Momentum party MEP Katalin Cseh was banned from China, blacklisted in Beijing. After the EU ordered punitive measures against four Chinese officials for human rights abuses reported in Xinjiang, China imposed sanctions on 10 individuals and four EU institutions, and as it happens, Cseh was one of them.

According to Cseh, lawyers from the European Parliament (EP) are investigating the latest move by the Chinese dictatorial regime. I would be more enthusiastic about this immeasurable zeal if these white-collar, educated people, who are not exactly social workers, pursued with such vehemence documents proving, for example, how the Romanian state deported and expelled Hungarians from Transylvania in the last hundred years.

Of course, there is no such thing; it is safe to say that the Union’s institutions, if necessary, spend uncounted amounts of money to uncover cases tens of thousands of kilometers away instead of applying the same zeal to protecting the rights of national minorities in their own back yard.

Such an initiative cannot be expected from Momentum, a party that has always been cynical about the matter, and whose president has been campaigning in Transylvania for a Romanian party that is far from free of anti-Hungarian sentiment. Anna Donáth, another MEP of Momentum, wanted to convert ethnic Hungarians living north of us into proud Slovaks.

The collection of more than one million signatures under the Minority SafePack Initiative (MSPI) was unsuccessful in ensuring the protection of the rights of Hungarian communities across the border and of indigenous national minorities in the EU in general. Despite meeting the required conditions, the European Commission (EC) decided that the protection of minority rights is the responsibility of individual member states.

EU minority policy, like much else, has become an instrument of the power game in Brussels. Beijing is being criticized while Kyiv has been given a free hand in the cultural genocide of Hungarians in Transcarpathia. The Ukrainian leadership did not have to face so much as a bad word for enacting a law that will soon prohibit the usage of any language except Ukrainian.

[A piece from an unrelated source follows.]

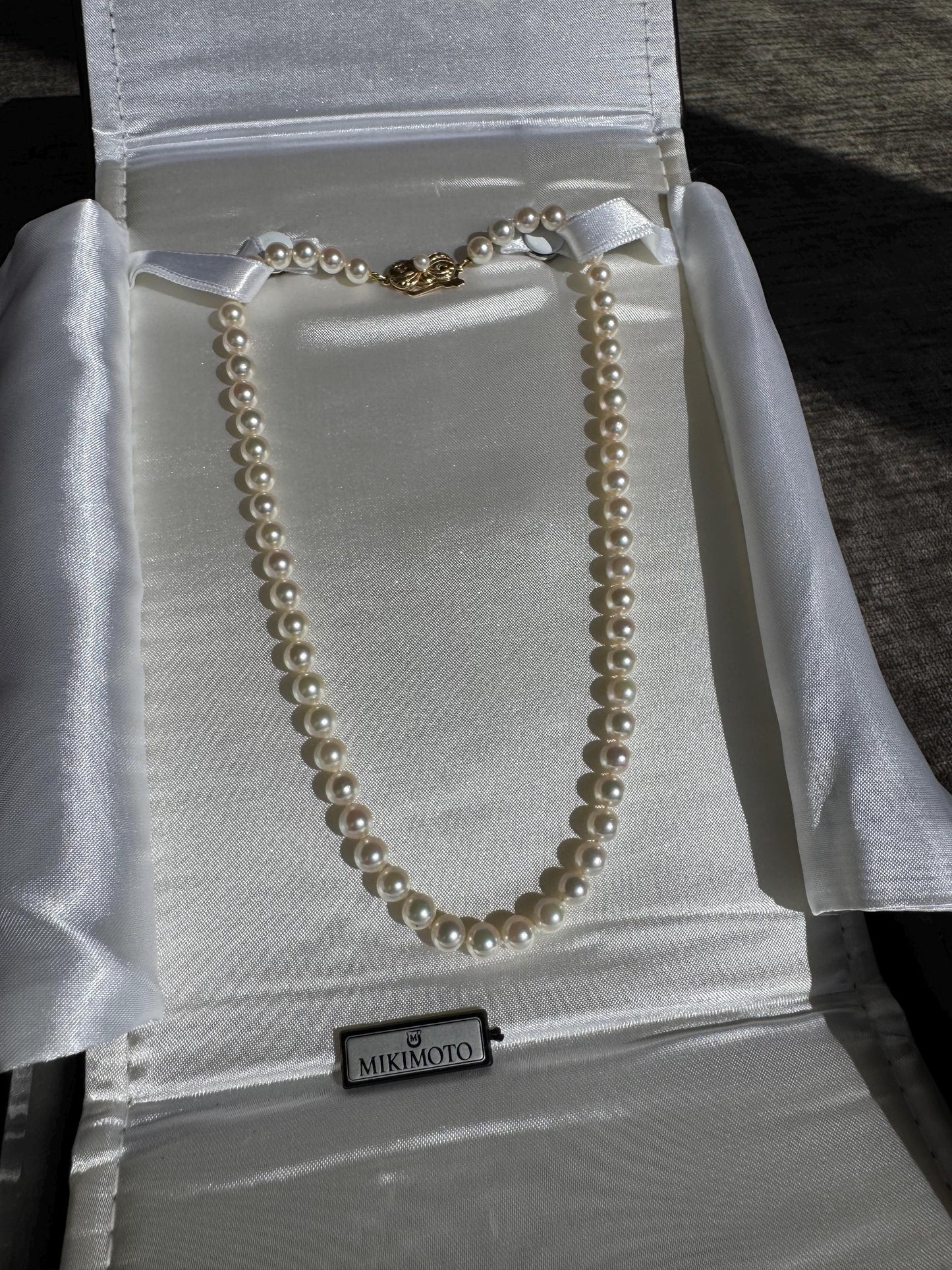 Mikimoto Cream Pearl Necklace: 18k Gold Clasp, 16" Estate Jewelry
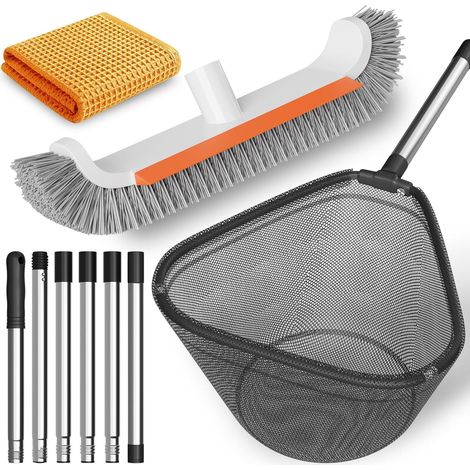 Épuisette de Piscine avec Manche télescopique 180cm Filet de Piscine avec Brosse de Piscine et Chiffon de Nettoyage (1/5)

Hungarian MEP Cseh branded China a dictatorship but did not do the same with Kyiv. Why would she do that? Because Ukraine stands against Russia, and the EU has also imposed sanctions on Moscow over the secession of Crimea, the fighting in eastern Ukraine, human rights issues and a political system it considers to be authoritarian.

Katalin Cseh did not say a single word when the Catalan independence movement was severely suppressed by the Spanish gendarmerie because the Madrid administration — part of the European mainstream — had to be supported. Not to mention the fact that Brussels took the brutal crushing of the 2006 Budapest demonstrations as almost natural. No wonder there, as everything happened on the instructions of their great friend (then Socialist prime minister) Ferenc Gyurcsány.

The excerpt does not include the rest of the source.